=== DATA EXTRACT ===
* * *

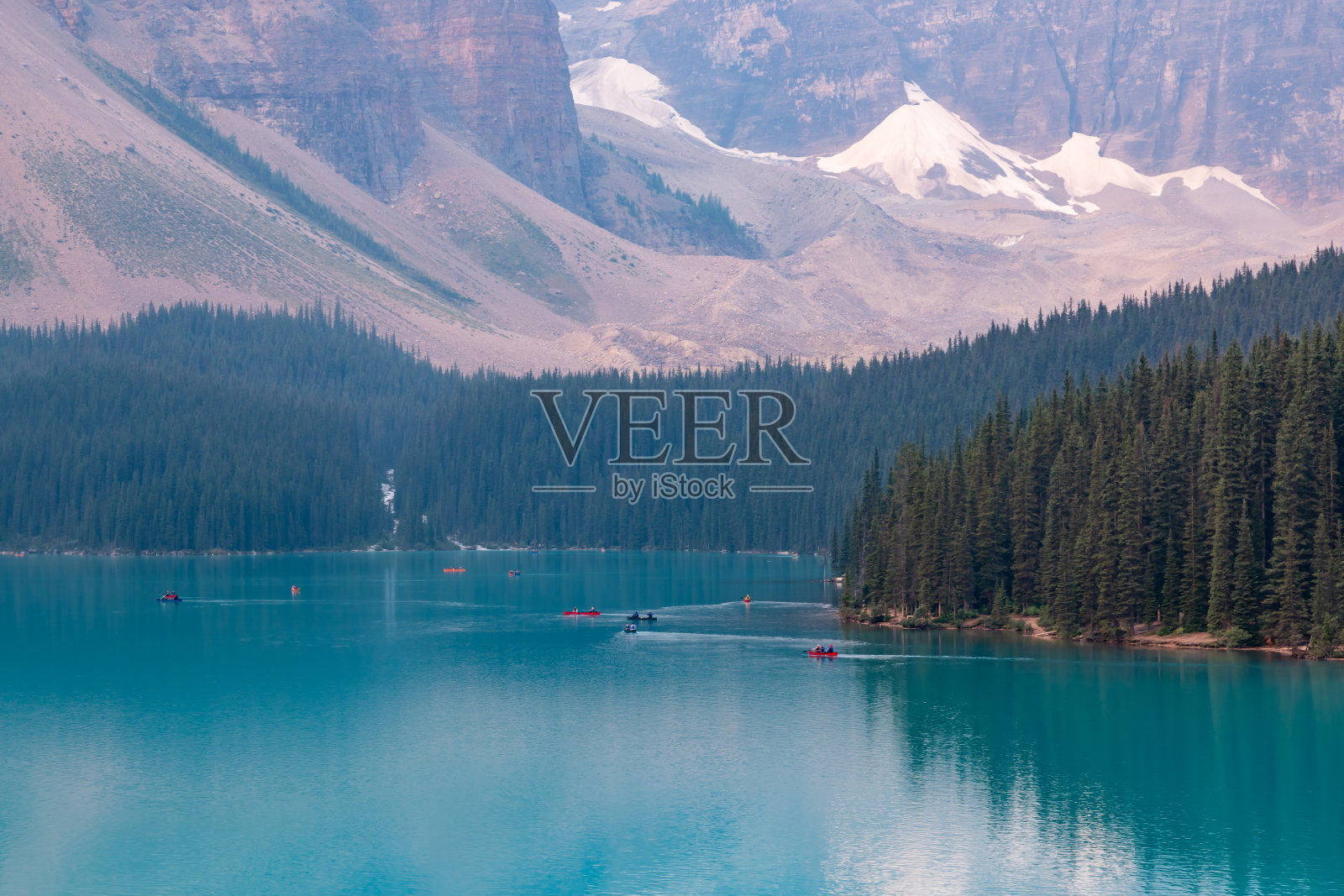 在加拿大阿尔伯塔省班夫国家公园的冰碛湖静水镜上划独木舟的一群桨手照片摄影图片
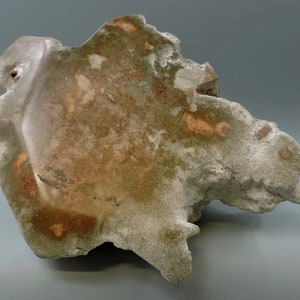 以下が含まれることがあります： オレンジと赤の模様のある、ざらざらとした灰色と茶色の岩。岩は不規則な形をしていて、表面はざらざらしている。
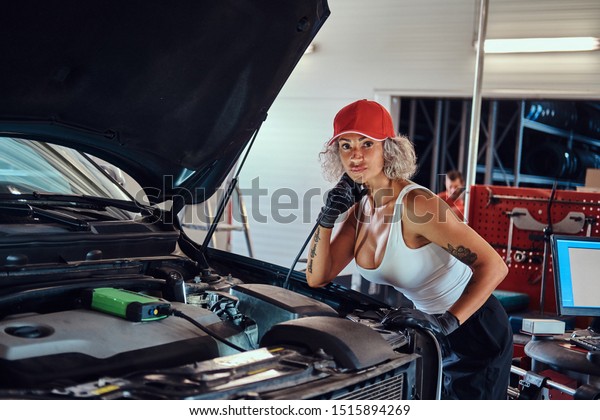 Manly strong woman is fixing car\'s engine with\
computer help at auto\
service.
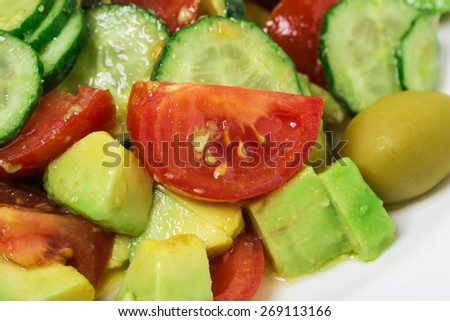 Fresh avocado salad with olives and tomatoes. Can be used as a whole background.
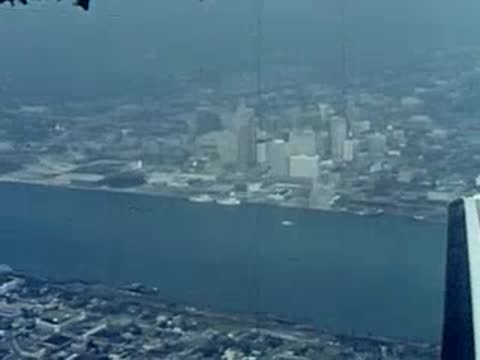 Aerial view from a plane flying over a city and river.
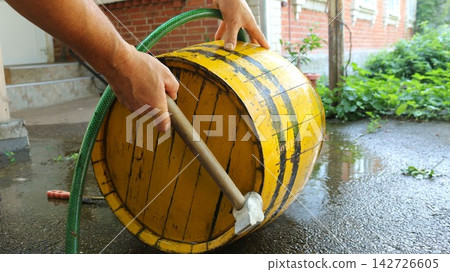 Preparing a wooden barrel for filling with distillate. A man's hands drive metal hoops down with a hammer on the wet asphalt of a courtyard. A green garden hose lies nearby Preparing a wooden barrel for filling with distillate. A man's hands drive metal hoops down with a hammer on the wet asphalt of a courtyard. A green garden hose lies nearby 142726605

* * *

=== REQUIRED WORK ===
Your answer must be an exact copy of the records, free of images.

=== RESPONSE ===
 在加拿大阿尔伯塔省班夫国家公园的冰碛湖静水镜上划独木舟的一群桨手照片摄影图片
 以下が含まれることがあります： オレンジと赤の模様のある、ざらざらとした灰色と茶色の岩。岩は不規則な形をしていて、表面はざらざらしている。
 Manly strong woman is fixing car\'s engine with\
computer help at auto\
service.
 Fresh avocado salad with olives and tomatoes. Can be used as a whole background.
 Aerial view from a plane flying over a city and river.
 Preparing a wooden barrel for filling with distillate. A man's hands drive metal hoops down with a hammer on the wet asphalt of a courtyard. A green garden hose lies nearby Preparing a wooden barrel for filling with distillate. A man's hands drive metal hoops down with a hammer on the wet asphalt of a courtyard. A green garden hose lies nearby 142726605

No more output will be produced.